Given the probability space $(\Omega, \mathcal{F}, \mathbb{P})$ and the r.v. $X$ defined on it, the (pushforward) measure $\mu_X$ is defined as $\mu_X(B) := PX^{-1}(B), \forall B \in \mathcal{B}(\mathbb{R})$, and the distribution function $F_X(x)$ is defined as $F_X(x) := \mu_X((-\infty, x])$. $\mu_X$ is nonatomic if $$\forall A_1 \in \mathcal{B}(\mathbb{R}): \mu_X(A_1)>0 \rightarrow \exists A_2\in \mathcal{B}(\mathbb{R}) \quad \& \quad A_2\subset A_1: \mu_X(A_2)>0.$$
If such a set $A_2$ does not exists, $A_1$ is an atom of $\mu_X$.

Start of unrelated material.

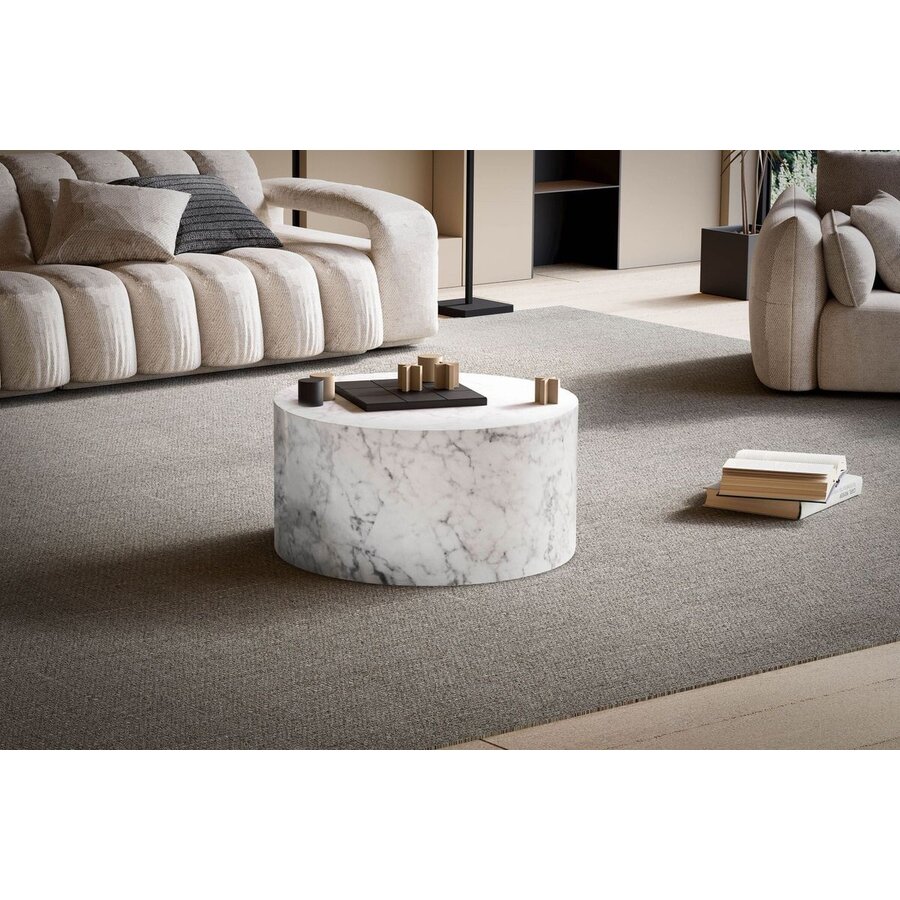 Monobloc HG Wit Salontafel Marmerlook Rond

There is also this fact that $F_X$ is continuous iff $\mu_X(\{x\}) = 0, \forall x \in \mathbb{R}.$
To prove "if $F_X$ is continuous $\rightarrow$ $\mu_X$ is nonatomic", this is how I proceed:
Suppose not: there exists $A \in \mathcal{B}(\mathbb{R})$, an atom of $\mu_X$ with $c := \mu_X(A) > 0$. Restricting $\mu_X$ to $A$, we can consider the measurable space $(A, \mathcal{B}(\mathbb{R})_A)$. Let $F(x) = \mu_X((-\infty, x]) \in [0, c]$. $F$ is a distribution function and hence is non-decreasing, $F(x) \downarrow 0$ as $x \rightarrow -\infty$, and $F(x) \uparrow c$ as $x \rightarrow \infty$. Continuity of F implies $F(x) \in (0, c)$ for some $x \in \mathbb{R}$, then the set $B = (-\infty, x]$ gives a contradiction to the fact that $A$ is an atom.
Questions:
1- Is there anything about this proof not rigorous enough that needs modification?
2- How can I prove the converse of the claim?
Any other proof strategy is appreciated as well.
Best Answer
If $\mu_X$ is nonatomic, for every $x \in \mathbb R$ we have $$\eqalign{0 &= \mu_X(\{x\}) = \lim_{n \to \infty} \mu_X((x-1/n, x+1/n]) \cr &= \lim_{n \to \infty} (F(x+1/n) - F(x-1/n))}$$ Since $F$ is nondecreasing, given $\epsilon > 0$ we have $|F(x+t) - F(x)| < \epsilon$ for $|t| < 1/n$ if $n$ is large enough that $F(x+1/n) - F(x-1/n) < \epsilon$.